▸ Task statement
Copy the lines running from the one that contains "Used 2022 Mercedes-Benz" to the end of the entries below, exactly and with no pictures.

[Short text fragments from websites]
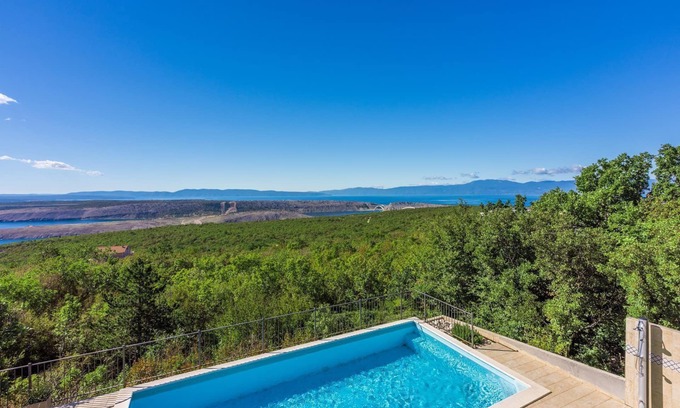 Smrika House | Fascinating villa with fantastic sea views to the island of Krk with private pool, table tennis, billiards, barbecue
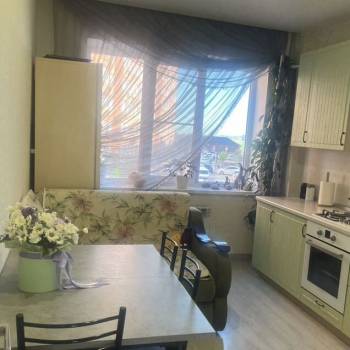 Продается 1-комнатная квартира, 40 м²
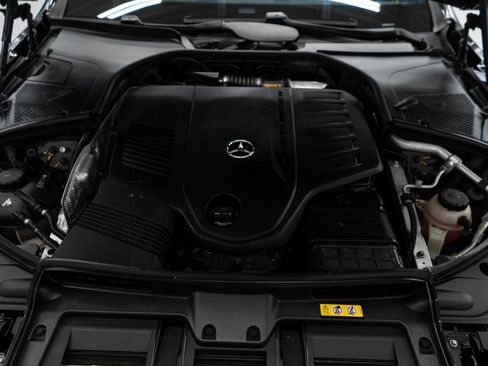 Used 2022 Mercedes-Benz S 500 4MATIC w/ AMG Line Package image 44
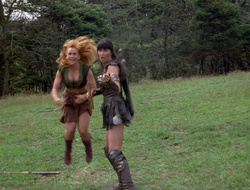 extant_XenaWarriorPrincess_2x15-ADayintheLife_02630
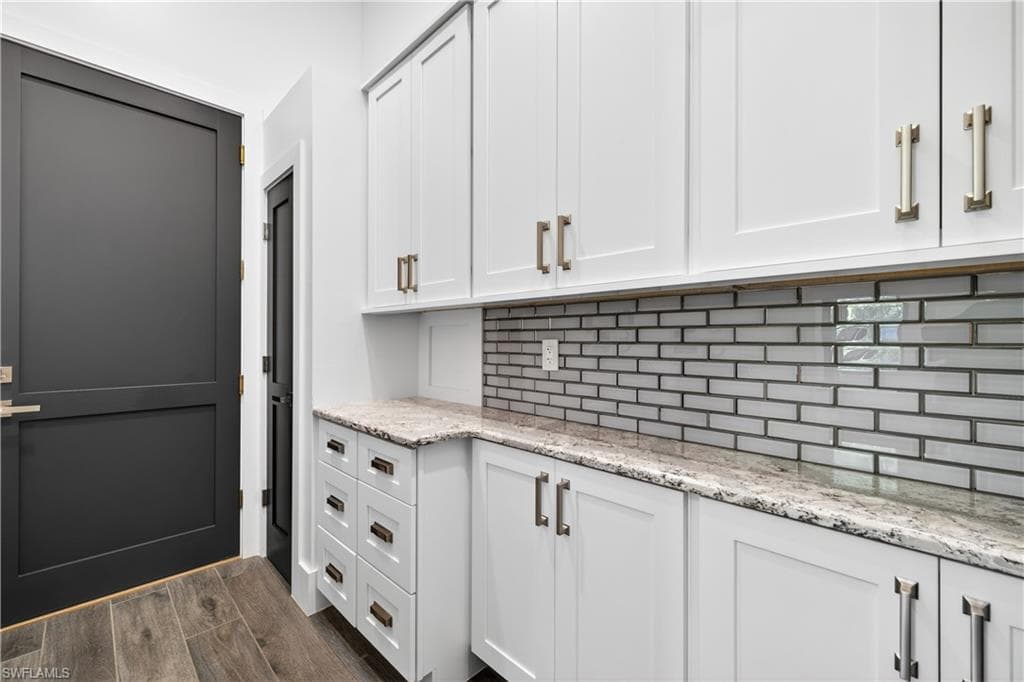 12289 Alamansa LN-33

▸ Solved problem
 Used 2022 Mercedes-Benz S 500 4MATIC w/ AMG Line Package image 44
 extant_XenaWarriorPrincess_2x15-ADayintheLife_02630
 12289 Alamansa LN-33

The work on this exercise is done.